But that doesn’t mean that I don’t feel deeply, deeply thankful. Perhaps I’m even more thankful than I might otherwise be for that remaining quarter of the glass. What is scarce is precious.
This year I am thankful for:
Mr. Eos and Boy Scientist. All summer, when I was cooking up wacky kitchen concoctions, they gamely tried every single thing that came out of the oven or off the stovetop. Sometimes, they were even more game than I was. They bent their diets, chose to forego eating at some of our favorite restaurants, and didn’t poach my safe chocolate too much. Mr. Eos schleps me to and from scopes, and Boy Scientist bravely lets me sleep it off. For my birthday earlier this month, uncertain what treat would be mom-safe, they concocted a beautiful plate of fruit with a bowl of first-class melted chocolate. They stuck a candle in the banana. They bring joy to my life every day.
An amazing medical team. EGIDs are often mystery ailments, and some people wait years for a diagnosis. But right next door, I have a gastroenterologist and an allergist who are on top of this game, part of the next generation of doctors trying to crack these conditions. What’s more, they are capable, compassionate, and open-minded. They don’t balk at my many, many questions. They answer emails. They talk to each other, and they tell me about it. There’s also my amazing new family doctor, who walked into my first appointment and said, “So tell me something non-medical about yourself.” She always greets me with a hug and she warned me up front that the practice often runs late because they want to give everyone their full attention. In fact, they do often run late. And when it’s my turn, I get her full attention for just as long as it’s needed. I’m fine with the running late part.
Corticosteroids. Really, what else do I need to say?
Food allergy awareness. It stinks that the incidence of food allergies and EGIDs climbs and climbs. It’s rotten that there are so many people with celiac disease. But thank goodness for the shelves of crazy ingredients at my local Whole Foods and my food co-op. Thank goodness for allergy-aware bloggers and cookbook authors such as Karina Allrich, Colette Martin, and Cybele Pascal. My plate would be much emptier and more bleak without the forces that bring safe ingredients to the stores and the culinary whizzes who use them to develop tasty recipes.
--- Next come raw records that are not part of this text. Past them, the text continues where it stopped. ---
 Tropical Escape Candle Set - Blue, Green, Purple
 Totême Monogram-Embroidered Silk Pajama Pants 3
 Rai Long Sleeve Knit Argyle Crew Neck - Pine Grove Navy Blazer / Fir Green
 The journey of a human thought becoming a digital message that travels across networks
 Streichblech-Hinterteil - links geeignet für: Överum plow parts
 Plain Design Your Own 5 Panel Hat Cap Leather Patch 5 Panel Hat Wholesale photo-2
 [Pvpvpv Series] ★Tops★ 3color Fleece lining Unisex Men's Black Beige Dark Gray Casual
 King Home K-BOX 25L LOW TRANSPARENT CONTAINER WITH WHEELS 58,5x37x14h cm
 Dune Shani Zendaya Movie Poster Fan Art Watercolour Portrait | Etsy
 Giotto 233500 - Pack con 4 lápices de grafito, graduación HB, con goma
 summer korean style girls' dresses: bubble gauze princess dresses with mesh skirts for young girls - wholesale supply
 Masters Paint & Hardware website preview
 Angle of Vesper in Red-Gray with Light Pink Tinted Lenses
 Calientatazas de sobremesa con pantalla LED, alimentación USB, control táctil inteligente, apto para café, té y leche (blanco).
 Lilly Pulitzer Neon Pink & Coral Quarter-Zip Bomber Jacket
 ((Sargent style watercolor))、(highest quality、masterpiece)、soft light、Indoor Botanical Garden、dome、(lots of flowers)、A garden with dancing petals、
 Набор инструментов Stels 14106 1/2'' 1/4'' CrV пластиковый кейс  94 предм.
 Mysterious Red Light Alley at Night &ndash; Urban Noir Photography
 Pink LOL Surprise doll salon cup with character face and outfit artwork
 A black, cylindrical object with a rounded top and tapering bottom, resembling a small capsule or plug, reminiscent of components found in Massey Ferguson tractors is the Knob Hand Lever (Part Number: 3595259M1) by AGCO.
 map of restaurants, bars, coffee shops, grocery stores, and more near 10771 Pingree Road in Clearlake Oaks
The Interwebs. I’ve said it before: When I was first diagnosed some thirty (!) years ago, eosinophilic gastroenteritis was weird and lonely. Today, the miracles of blogs, Twitter, and online patient groups have shifted the landscape beyond recognition. Online, I’ve met amazing strong people who deal with EGIDs and many other challenges with grace, wisdom, humor, and generosity. I’ve learned so much that I wouldn’t know otherwise. My understanding of healthcare, health professions, and patient-hood has become so much richer and more nuanced. With so many good people out there, here is a reason to feel optimistic.
So, there is much to be thankful for, and it feels good to immerse in gratitude. May you find a day, an hour, or even just a moment of joy this Thanksgiving. May you have much to fill your glass.